A quelques exceptions près il en a été de même pour des événements politiques sur le même thème qui ont eu et ont de plus en plus un écho en Europe, dans le Tiers et le Quart Monde et ailleurs. Le 14 octobre le Parlement européen annoncera officiellement au cours de sa session à Strasbourg l'adoption d'une résolution qui a déjà été accueillie au niveau des Etats et des médias de masse avec émotion et intérêt.
A titre d'exemple, le Journal Officiel du Saint-Siège "L'Osservatore Romano" a publié intégralement cette résolution en première page avec un commentaire direct du Secrétaire d'Etat et donc inspiré par le Pape.
Ceci étant absolument sans précédents dans l'histoire du journal.
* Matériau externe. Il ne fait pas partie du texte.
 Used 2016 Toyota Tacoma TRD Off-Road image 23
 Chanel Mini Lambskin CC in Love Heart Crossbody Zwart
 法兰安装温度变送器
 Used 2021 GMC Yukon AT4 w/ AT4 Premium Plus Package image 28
En France, malgré l'action de Food and Desarmement International, malgré les tentatives que j'ai accompli contre cette censure et cette insensibilité - sans précédents -, je dois et je peux dire que la situation politique qui a précédé les élections présidentielles continue et s'aggrave. Par désespoir de cause et par acquis de conscience, je m'adresse donc directement à vous et à d'autres collaborateurs du Président pour vous informer que ce 14 octobre, pour souligner l'importance extrême de la décision du Parlement européen, annulant à la dernière minute tout engagement déjà pris pour cette date, nombre de hautes personnalités des Nations Unies, dont Bradford Morse sous-secrétaire général de l'ONU et administrateur du PNUD, Jan Pronk secrétaire général adjoint de la CNUCED, les Prix Nobel George Wald, Maurice Wilkins, Lord Philip Noel Baker, des représentants de l'UNICEF, du Conseil Mondial de l'Alimentation, de la FAO, l'Ambassadeur Jazairy, des représentants des pays ACP et des 77 (sans préjuger des Prix
Nobel français) viendront à Strasbourg et se réuniront pour tenir un colloque international pour lequel est déjà acquise la présence de nombreuses autres personnalités politiques, religieuses, et d'experts, à commencer naturellement par René Dumont.
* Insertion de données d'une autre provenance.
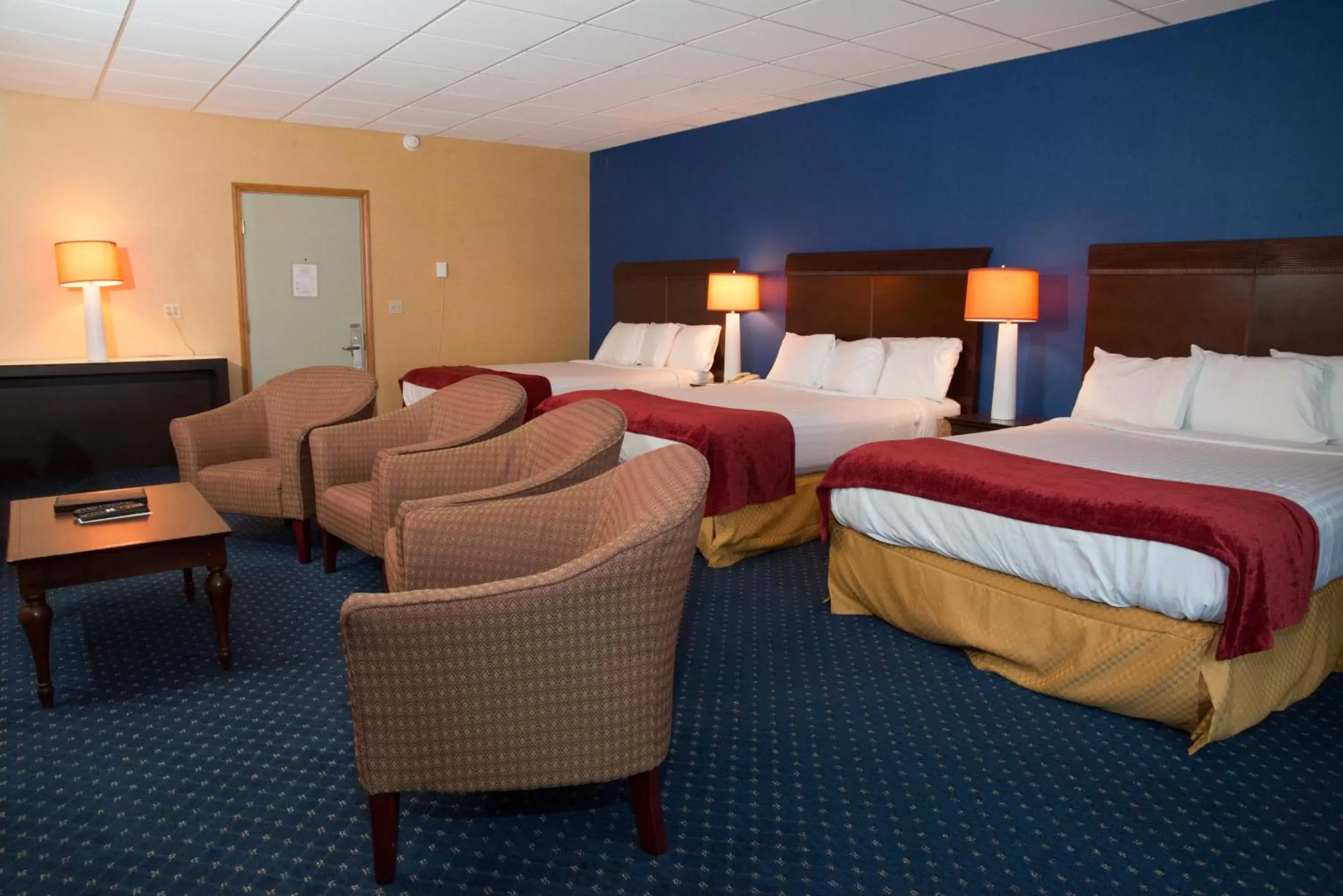 Seating area, Bed in Hampton Falls Inn Seating area, Bed in Hampton Falls Inn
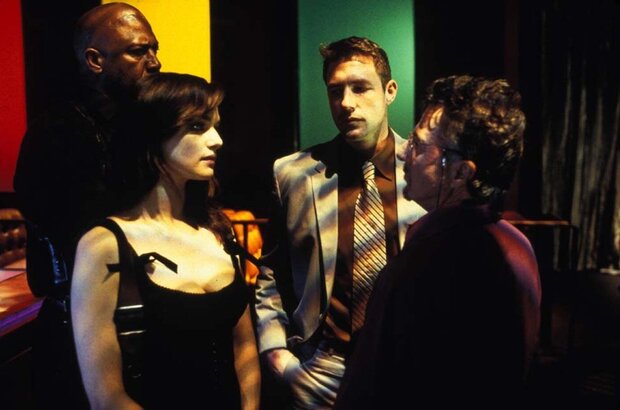 Confidence (2003) - photo 6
Je tiens à souligner que j'estime qu'il est de votre plein droit, voire parfaitement compréhensible que mon action personnelle et celle des radicaux non-violents, que nos grèves de la faim contre cet état de choses, soient considérées comme totalement étrangères aux intérêts que vous représentez et que donc il soit tout à fait normal que je me trouve à agir, comme hier en France, face au pouvoir - sinon contre le pouvoir.
Mais permettez moi, en tant qu'individu, en tant que parlementaire européen, en tant que socialiste et en tant que militant contre l'holocauste et pour le développement, de dire qu'il est navrant de se résigner à cet état de choses et de prévoir que pour le 14 octobre les médias de masse publics - interprétant ainsi le silence des pouvoirs publics français, arbitrairement je l'espère - s'apprêtent à censurer ou à traiter d'une façon indigne l'information concernant cet événement et l'action qui en résulte à cette date sur le sol français.
Je vous prie de croire, cher Monsieur, que cette lettre me coûte et que ce n'est donc pas à coeur léger que j'ai risqué d'abuser de votre attention.
Recevez l'expression de mes meilleurs sentiments.